Years of exuberant growth led to the construction of ghost towns where supply outstripped demand as developers looked to capitalize on the desire for home ownership and property investment.
These measures, known as China’s “three red lines” policy, point to three specific balance sheet conditions developers must meet if they want to take on more debt.
The rules require developers to limit their debt in relation to the company’s cash flow, assets and capital levels, with highly indebted developer Evergrande the first headline-grabbing default in late 2021.
Country Garden’s woes
A default by Country Garden could add $9.9 billion to the year-to-date global emerging markets high-yield corporate default tally, taking the total default volume for the Chinese property sector to $17 billion to-date in 2023, JPMorgan said in a note dated Aug. 15.
The U.S. investment bank expects China property to account for nearly 40% of all emerging market default volumes in 2023.
Much of Country Garden’s problems have to do with its outsized exposure to less developed parts of China known as lower-tier cities. About 61% of developments, according to the company’s 2022 annual report, are in these lower-tiered cities, where housing supply outstrips demand.
“Country Garden sales performance has been kind of disastrous,” S&P Global’s Chan said, noting that sales in June and July dropped by about 50% year-on-year.
Chan said that lower-tier cities started to see sales weakness in May, while higher-tier cities started to see sales worsen in subsequent months.
As a result of Country Garden’s troubles, Chan said it’s “becoming more and more challenging” for China’s overall real estate sales to reach S&P’s base case of 12 trillion yuan to 13 trillion yuan this year.
“Instead of an L-shape it could be a descending staircase,” he said.
Chan said S&P’s bear case for China’s property sector is for 11 trillion yuan in sales this year, and 10 trillion yuan for 2024.
That’s still only nearly half of what the country’s real estate market sales were at its peak 2021 — at 18 trillion yuan, according to figures Chan shared.
At their mid-year economic review meeting in July, China’s top leaders vowed to “adjust and optimize policies in a timely manner” for its beleaguered property sector.
To date, they have yet to clearly demonstrate their plan to adapt to “major changes” in the demand-supply dynamics in the property market.
“The debt troubles at Country Garden and the uncertainty of government support are feeding into broader unease in the Chinese housing market,” Louise Loo, lead economist at Oxford Economics, wrote in a note dated Aug. 11.
Land sales divergence
As China’s property sector consolidates amid the debt and credit malaise, state-owned developers are better positioned to grow than non-state ones.

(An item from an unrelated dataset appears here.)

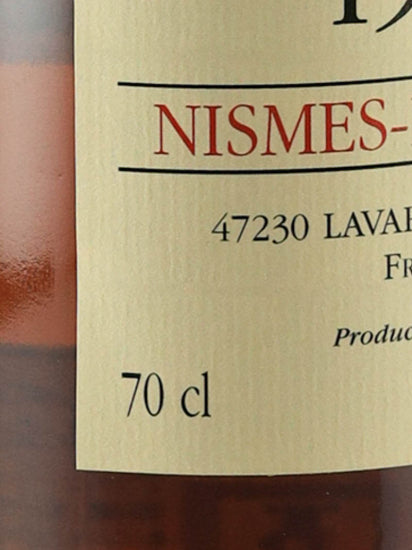 Nismes Delclou 1981/2024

State-owned developers saw contracted sales grow by 48% in the first seven months of this year from a year ago, while developers that were not state-owned saw sales fall by 19%, according to data from Natixis Corporate and Investment Banking.
This is enhancing state-owned developers’ ability to buy land from local governments since robust home sales are boosting their cash flow.

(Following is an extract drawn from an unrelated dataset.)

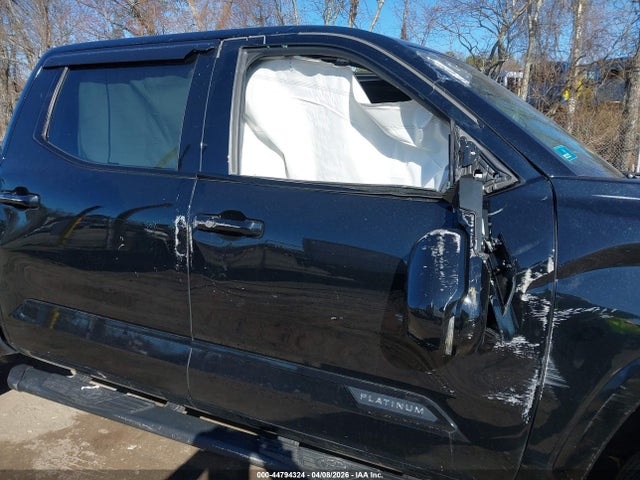 5TFNA5DB5PX123872 Toyota Tundra Platinum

“Nowadays, 87% of the land purchases are by [state-owned enterprises], so how do you expect [privately owned enterprises] to grow further?” Gary Ng, a senior economist at Natixis, said in a phone interview Tuesday.
For this year through July, 87% of land purchases by value were by state-owned developers, similar to last year, Natixis data showed. That’s up sharply from 59% in 2021, the data showed.
Ng expects state-owned developers to have greater ownership in China’s real estate market going forward. But he said that while non-state-owned developers have had leverage problems in the past, having so many state-owned developers in the industry might make it more difficult to forecast actual demand.
Still, underlying housing demand in first-tier cities remains somewhat resilient and untapped, and may be unleashed once there’s greater policy clarity.
“Timely policy in stabilizing the demand and sales in the higher-tier cities would be very important,” said Chan from S&P Global.
“If that could be achieved then over time, the stabilization could be spilled over to the lower-tier cities. But that will take an even longer time.”